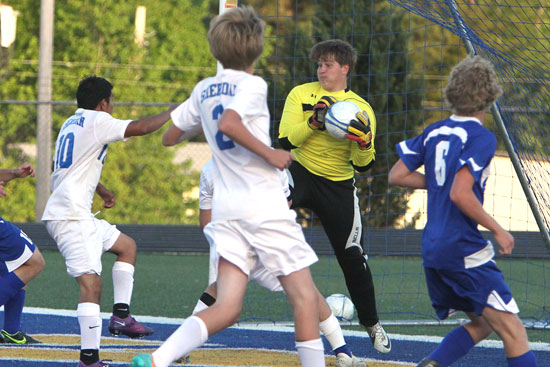 Bryant keeper Alex Denker secures the ball to thwart a Sheridan bid to score. (Photo by Rick Nation)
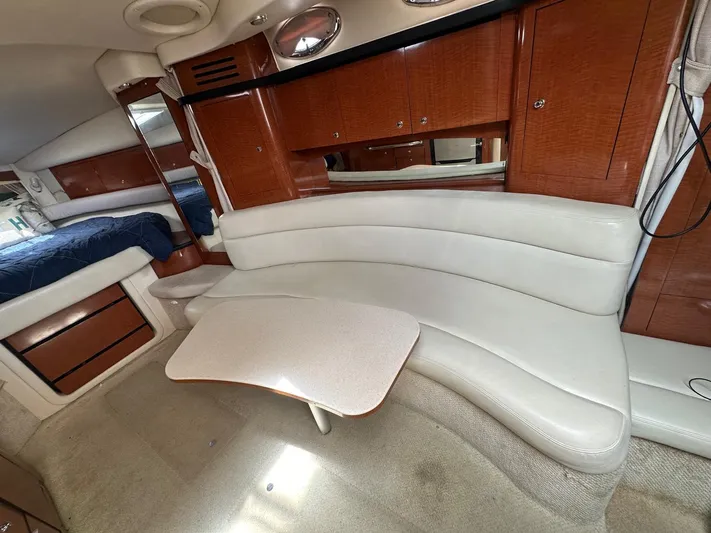  Yacht Photos Pics 2004 Sea Ray 340 Sundancer interior with curved seating and wooden cabinetry.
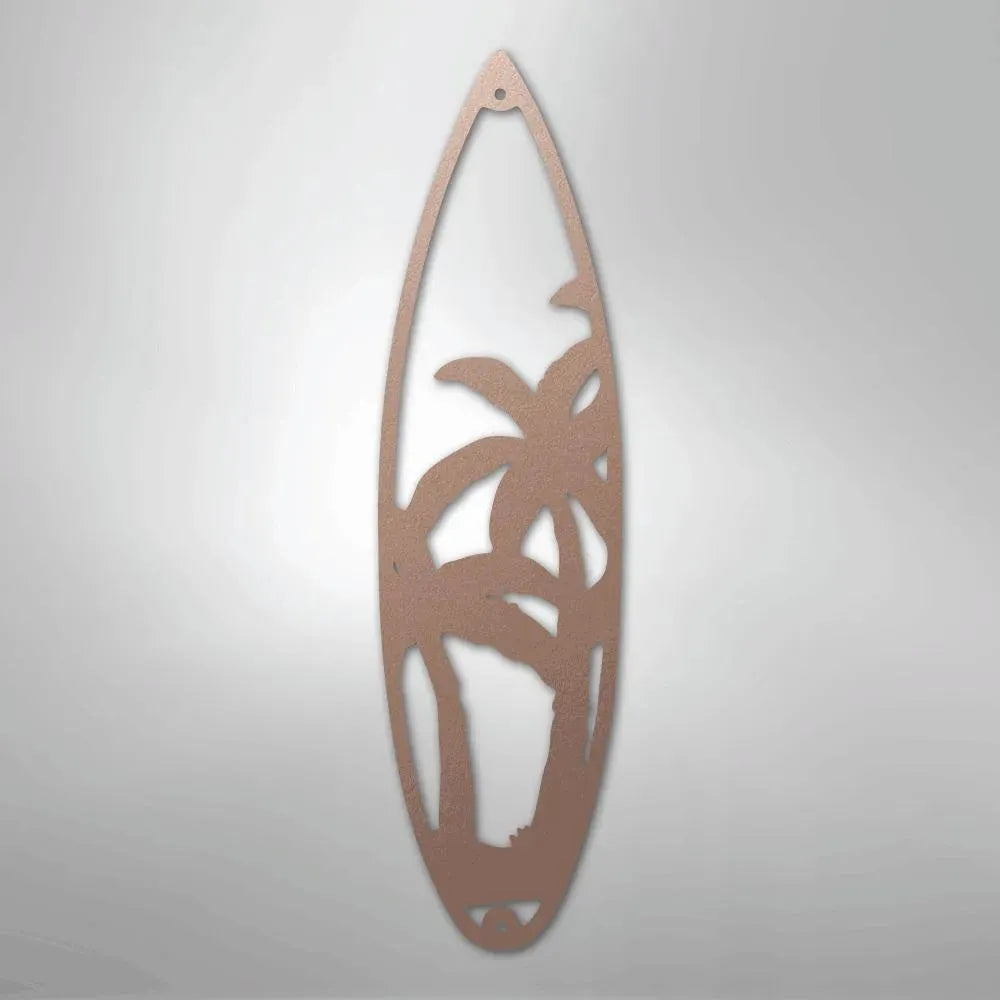 Rose gold metal surfboard wall art with palm tree cutout design.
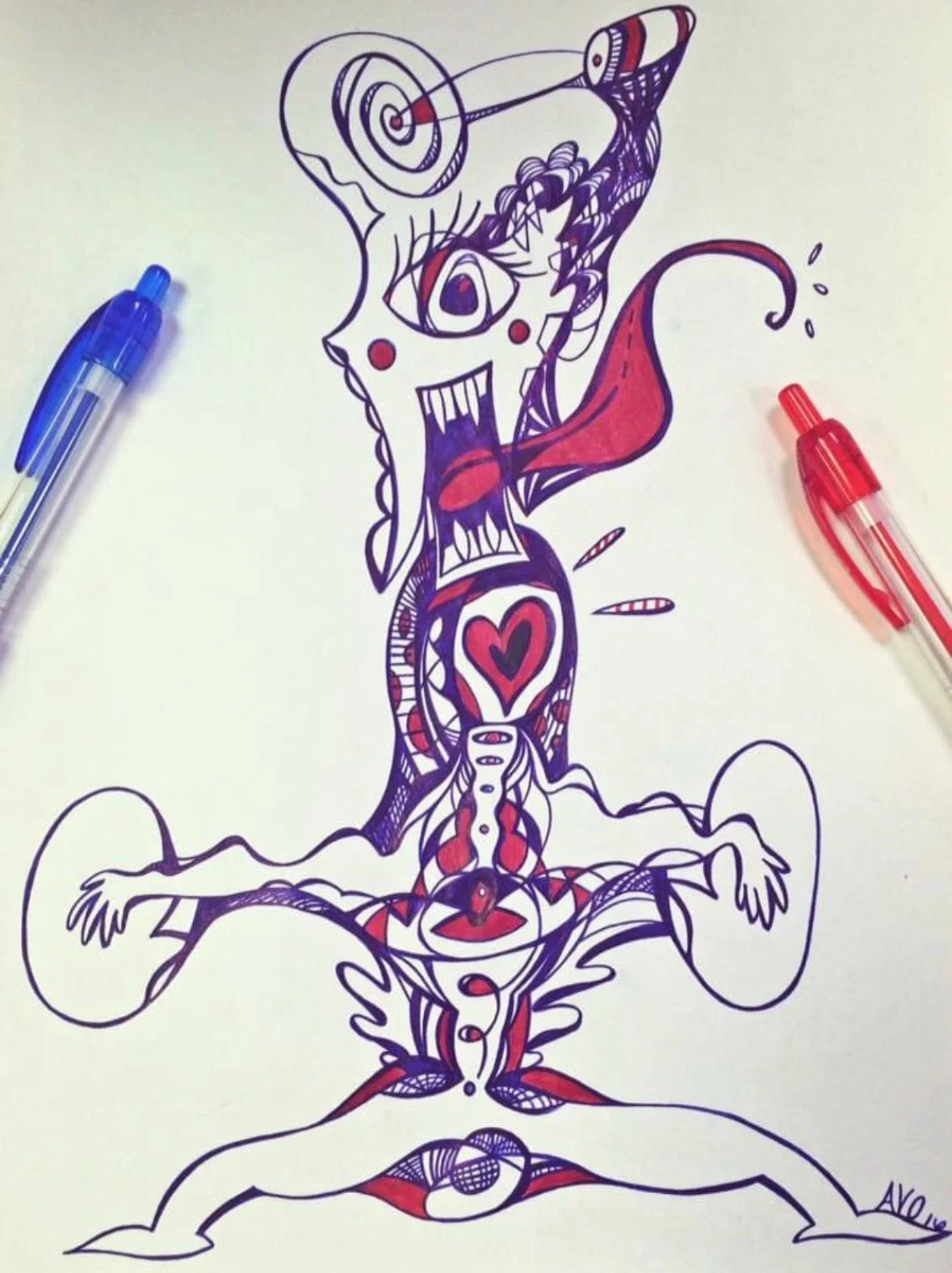 An abstract, colorful drawing of a creature with exaggerated facial features, arms spread wide, a heart symbol on its chest, and a tongue sticking out. The drawing is made with purple and red ink pens, with two pens placed on either side of the artwo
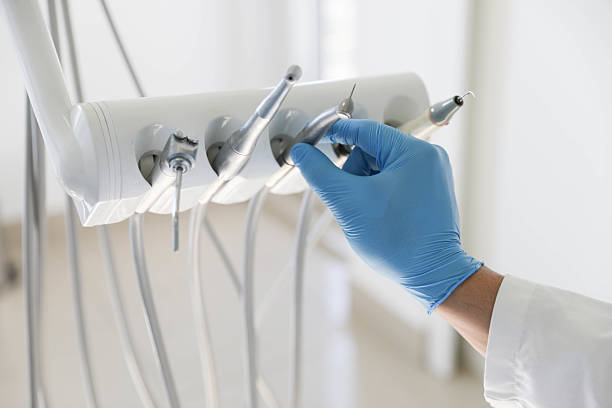 Professional Tooth Extraction technician working in San Joaquin, CA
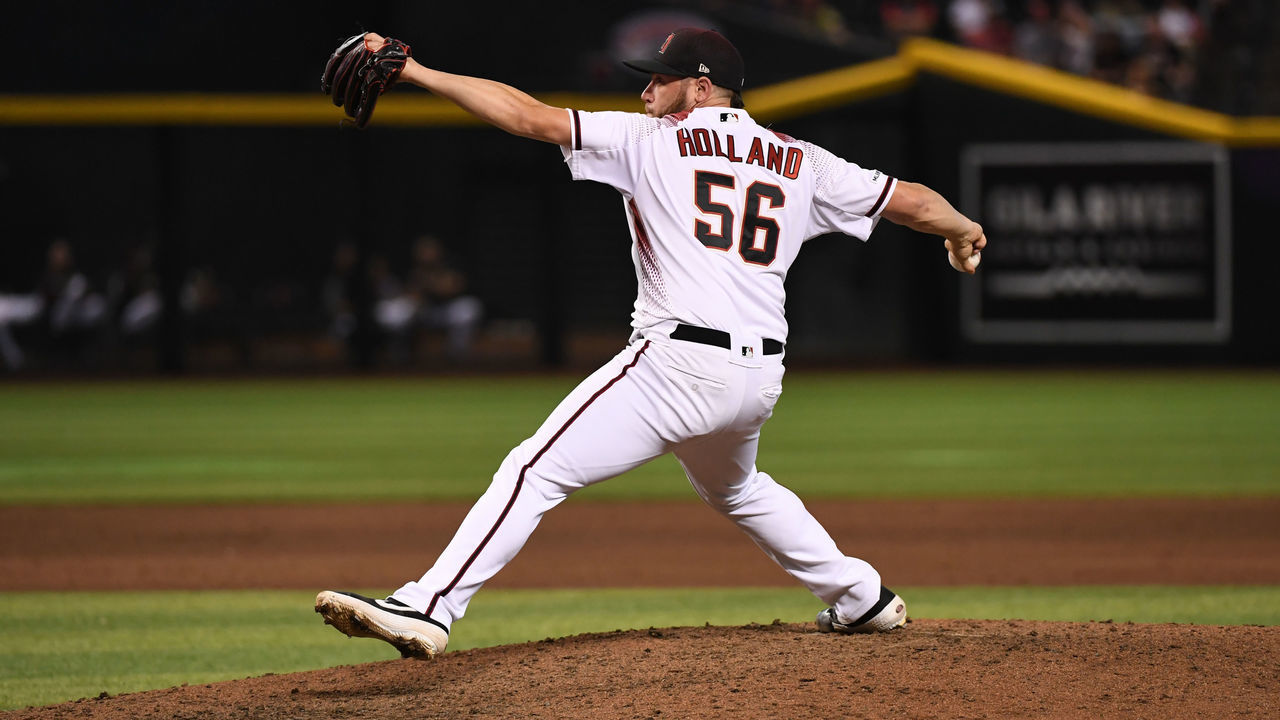 PHOENIX, ARIZONA - JULY 24: Greg Holland #56 of the Arizona Diamondbacks delivers a ninth inning pitch against the Baltimore Orioles at Chase Field on July 24, 2019 in Phoenix, Arizona. Diamondbacks won 5-2 and it was Lopez's first MLB save.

• • • • • • •

◆ PROBLEM DESCRIPTION
Pictures are to be left out; the answer must otherwise be exactly the lines from the one with "Rose gold metal" through the final line of the entries above, both included.

◆ RESPONSE
 Rose gold metal surfboard wall art with palm tree cutout design.
 An abstract, colorful drawing of a creature with exaggerated facial features, arms spread wide, a heart symbol on its chest, and a tongue sticking out. The drawing is made with purple and red ink pens, with two pens placed on either side of the artwo
 Professional Tooth Extraction technician working in San Joaquin, CA
 PHOENIX, ARIZONA - JULY 24: Greg Holland #56 of the Arizona Diamondbacks delivers a ninth inning pitch against the Baltimore Orioles at Chase Field on July 24, 2019 in Phoenix, Arizona. Diamondbacks won 5-2 and it was Lopez's first MLB save.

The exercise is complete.